Let's connect our model to an external memory base, that allows it to store and retrieve information about the user, even if it was stated in a previous conversation it no longer has access to.

We will be using the [Official MCP Filesystem Server]("https://github.com/modelcontextprotocol/servers/tree/main/src/filesystem"). This enables our model to create, read, edit, and remove files in a specified directory. Let's first connect our server to the MCP Client.

In [None]:
replicate_model = "ibm-granite/granite-3.3-8b-instruct"
server_command = "npx"
server_args = ["-y", "@modelcontextprotocol/server-filesystem", "."]

client = GraniteMCPClient(replicate_model, server_command, server_args)

await client.start()

Now let's write some instructions to tell the model how to store, edit and retrieve memories.

In [None]:
instructions = """
You are an AI assistant with persistent memory stored in 'memory.txt'.

At the start of each response:
- Always call read_file with path 'memory.txt' to get the current memory.

If 'memory.txt' does not exist:
- Create it by calling write_file with content starting with '1. '.

When the user shares new personal information:
- Read the current memory.
- Append the new fact as a new numbered line.
- Save the updated list with write_file.

When the user asks to remove or replace information:
- Read the current memory.
- Update the list accordingly (remove or replace).
- Renumber the entries starting from 1.
- Save the updated list with write_file.

When the user asks something:
- Read 'memory.txt' and use this information to answer naturally.

When you answer, always:
- Start by performing tool calls first.
- Then give a clear, final natural language response to the user.
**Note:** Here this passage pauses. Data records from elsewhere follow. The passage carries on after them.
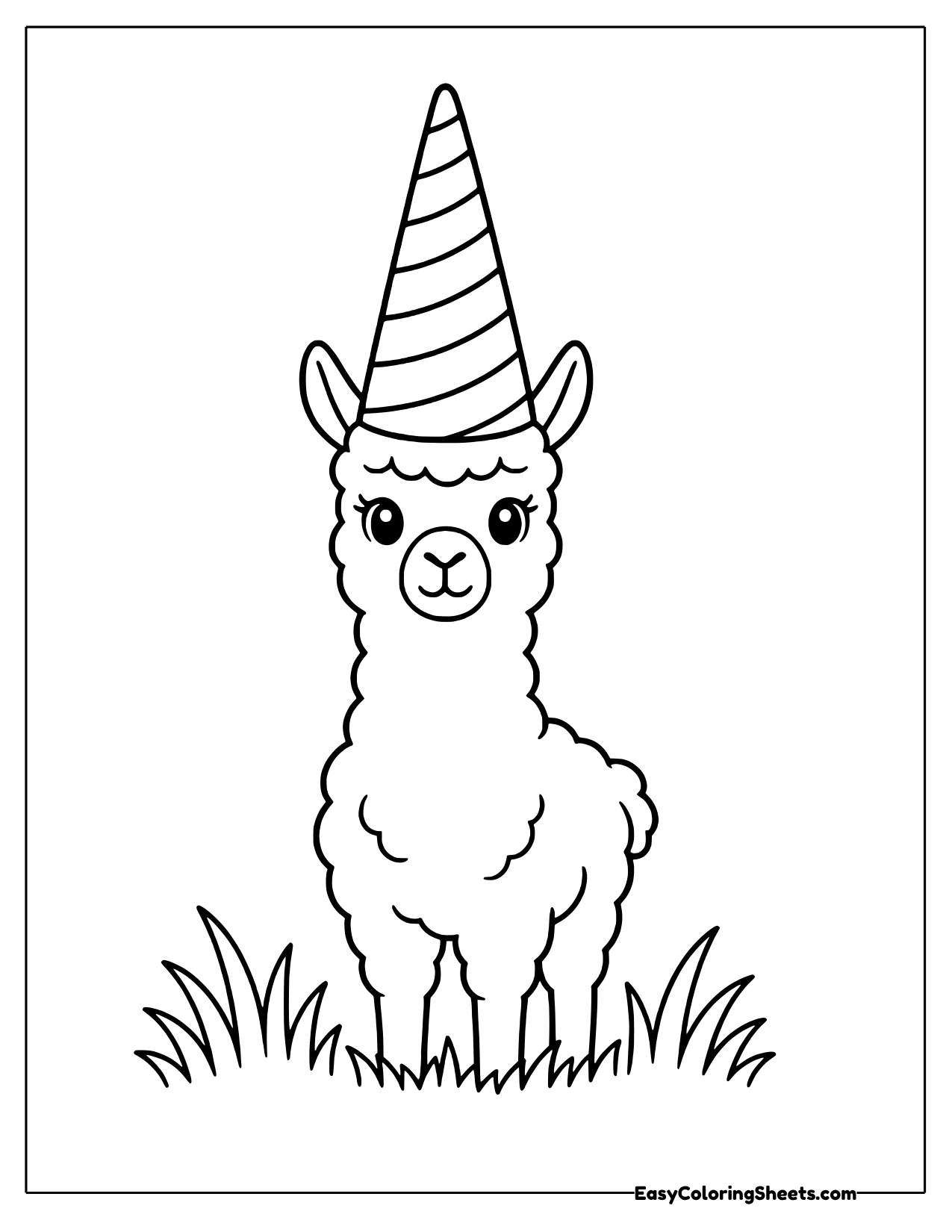 Llama wearing a striped party hat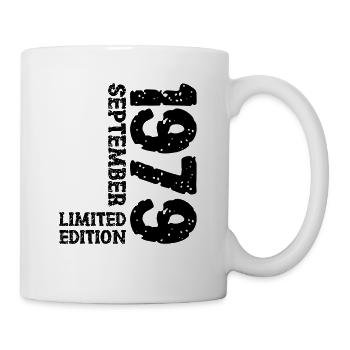 1979 September Limited Edition 44. Geburtstag Deko - Tasse - Weiß - Rechts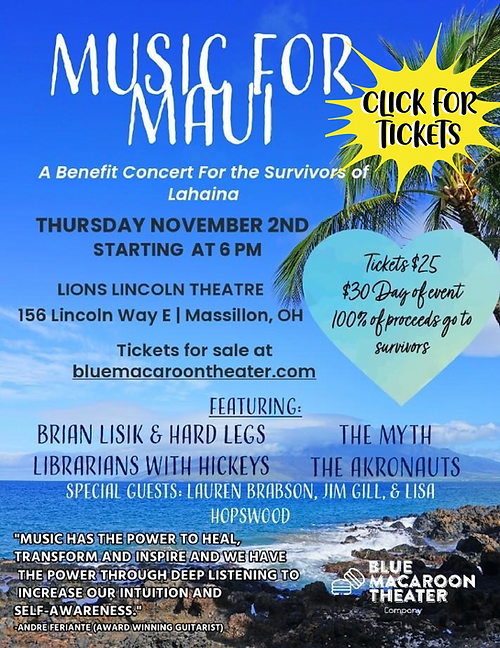 Brian Lisik & Hard Legs will be headlining the Music for Maui benefit concert on Thursday night at Lions Lincoln Theatre in downtown Massillon. Opening acts include Librarians with Hickeys and Akronauts.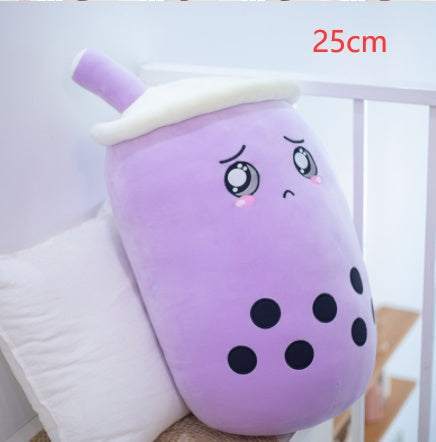 Bubble Tea Plush Pillow in lavender plush with white whipped-cream trim, a matching straw, embroidered face and black tapioca pearls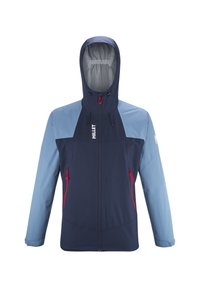 Marineblaue und hellblaue wasserdichte Jacke mit Kapuze, Reißverschluss vorne, zwei Taschen mit roten Akzenten und einem Logo auf der Brust.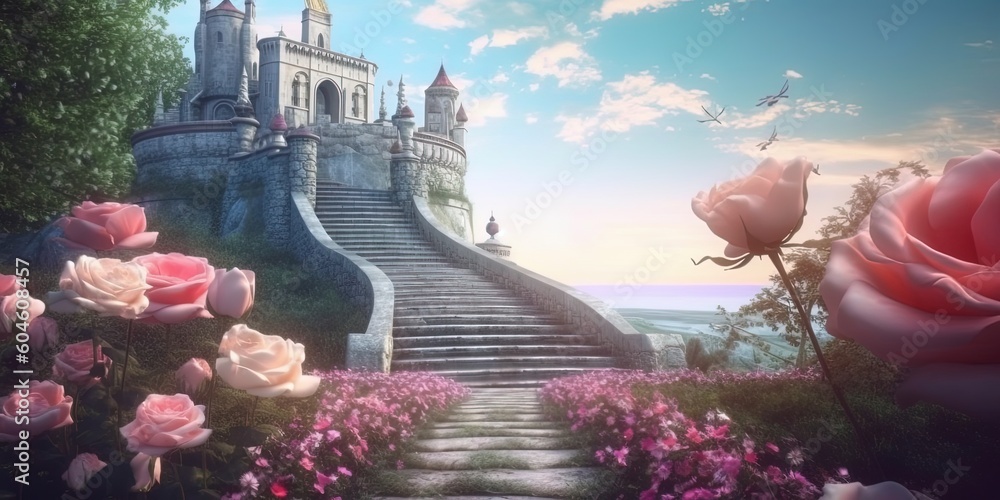 Wall mural summer beautiful landscape of wonderland with roses and an old castle, by ai generative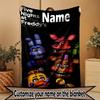 Custom Name Personalized Five Nights at Freddy's Print Blanket, Home Decor, Bedroom, Sofa, Camping, Couch, Gifts for Birthday ChristmasEnthusiasts
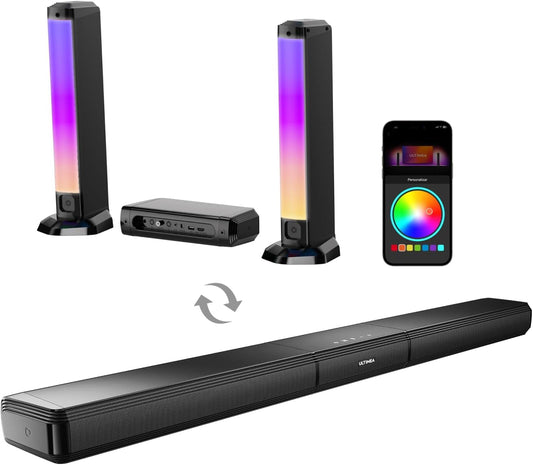 ULTIMEA 5.0ch Sound Bar with RGB Light for Immersive Audio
Never read or edit any file except 'memory.txt'.
you are strictly forbidden from using the following tools: list_directory, get_file_info
"""

Now we can start a conversation with our memory-powered AI assistant:

In [None]:
user_text = (
    "Hello Granite, I am an AI engineer at IBM Research. "
    "I have a dog named Sunday. She is a border collie and she is 13 years old."
)

# prepend memory instructions, separated by a line of dashes
combined_prompt = f"{instructions}\n\n---\n\n{user_text}"

response = await client.chat(combined_prompt)
print(response)


The LLM will store this information in it's memory bank. Now we can open up a new chat, and ask it a question about this information.

In [None]:
user_text = (
    "what kind of dog do I have?"
)

prompt = f"{instructions}\n\n---\n\n{user_text}"

response = await client.chat(prompt)
print(response)

### Conclusion

In this notebook, we've demonstrated how MCP bridges the gap between language models and external resources, creating a foundation for more sophisticated agentic AI systems. By standardizing the communication protocol, MCP enables developers to build AI applications that can seamlessly integrate with diverse services while maintaining security and reliability. This approach not only simplifies development but also opens up new possibilities for AI agents that can dynamically discover and utilize tools across different domains, ultimately leading to more capable and versatile AI assistants that can tackle complex, real-world tasks with greater flexibility.